The undersecretary explained that it is at the household level where improvements in the quality of life should manifest: “Having fewer children, or having the number of children one can afford, leads to increased household savings, improved nutrition and better educational opportunities.”
𝗥𝗲𝗱𝘂𝗰𝘁𝗶𝗼𝗻 𝗼𝗳 𝗲𝗮𝗿𝗹𝘆 𝗰𝗵𝗶𝗹𝗱𝗯𝗲𝗮𝗿𝗶𝗻𝗴 𝗸𝗲𝘆 𝗽𝗼𝗹𝗶𝗰𝘆
Households headed by the youngest mothers stand to benefit the most from a family planning program that also addresses early childbearing or adolescent/teen pregnancy.
Perez cited a 2016 study by Alejandro Herrin: Education, Earnings and Health Effects of Teenage Pregnancy in the Philippines, which found that early childbearing reduces an adolescent’s future earning capacity, as it diminishes the chances of completing high school, or K to 12. Lack of a diploma results in a loss of P300 a day income for young mothers.
Thus, the POPCOM chief said it is crucial for the Philippines to address the family planning and reproductive health needs of the poorest and youngest mothers, in order to make a dent on core hunger and poverty in the country.

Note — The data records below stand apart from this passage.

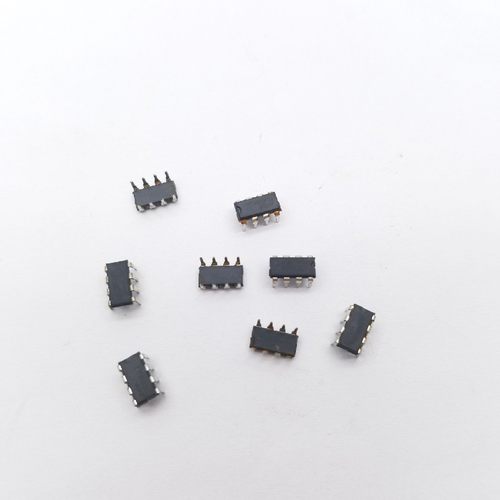 全新正品HT3582DM 6084P 充电器电源芯片 DIP-8窄体 8脚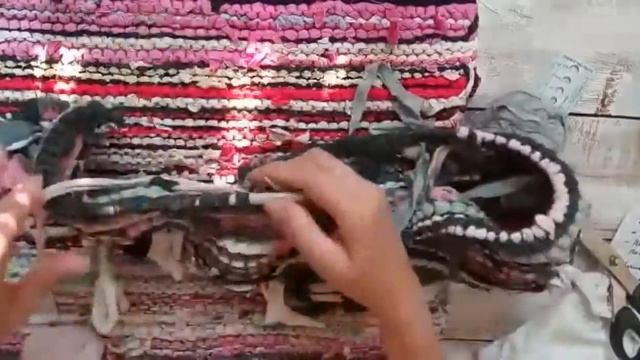 Дачный коврик. Коврик спицами из футболок. смотреть онлайн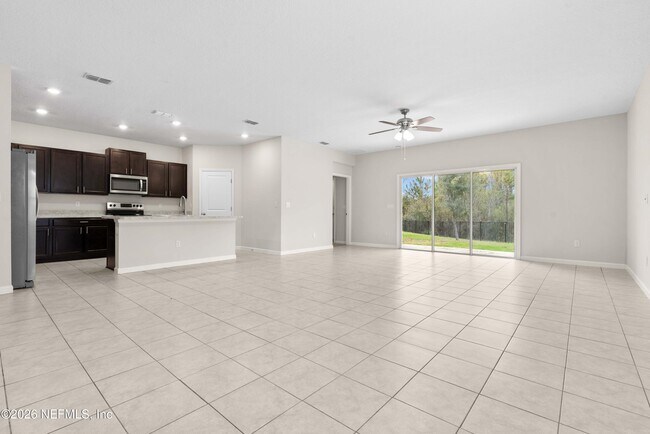 Building Photo - 5556 Kellar Cir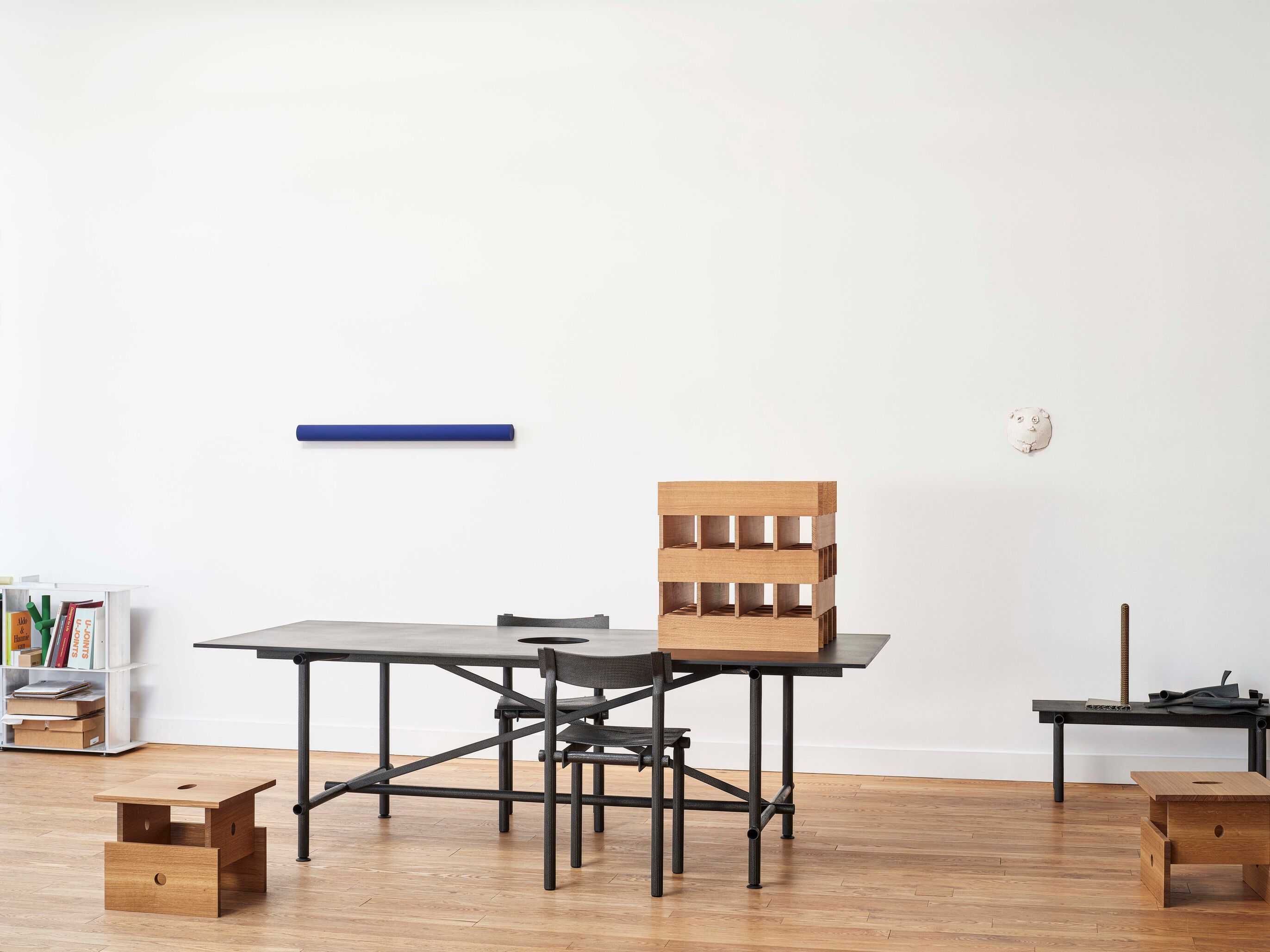 Низкий штабелируемый журнальный столик из массива дерева Hay WOOD BOX ARCH-00016796 - Вид №9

He reiterated Socioeconomic Planning Secretary Ernesto M. Pernia’s earlier pronouncement about the intensified implementation and full funding of the National Program on Population and Family Planning or NPPFP for the next three years, which will widen its scope and impact. To address the issue on teenage pregnancies, POPCOM will assist the Department of Education in boosting the nationwide school-based rollout of comprehensive sexuality-education programs to curb teenage pregnancies.
As the NEDA chief encouraged the practice of savings as a protection versus unexpected income losses or expenses, the head of POPCOM underscored that practicing responsible parenthood, as a way of life, will make a family less vulnerable to so-called “financial shocks.”
“Part of POPCOM’s crusade is to help deliver the government’s goal of enabling comfortable and secure lives for Filipinos by 2022 through family planning,” Perez stated. “By then, we can measure the level of our success hopefully against a drastically diminished prevalence of poverty throughout the Philippines.”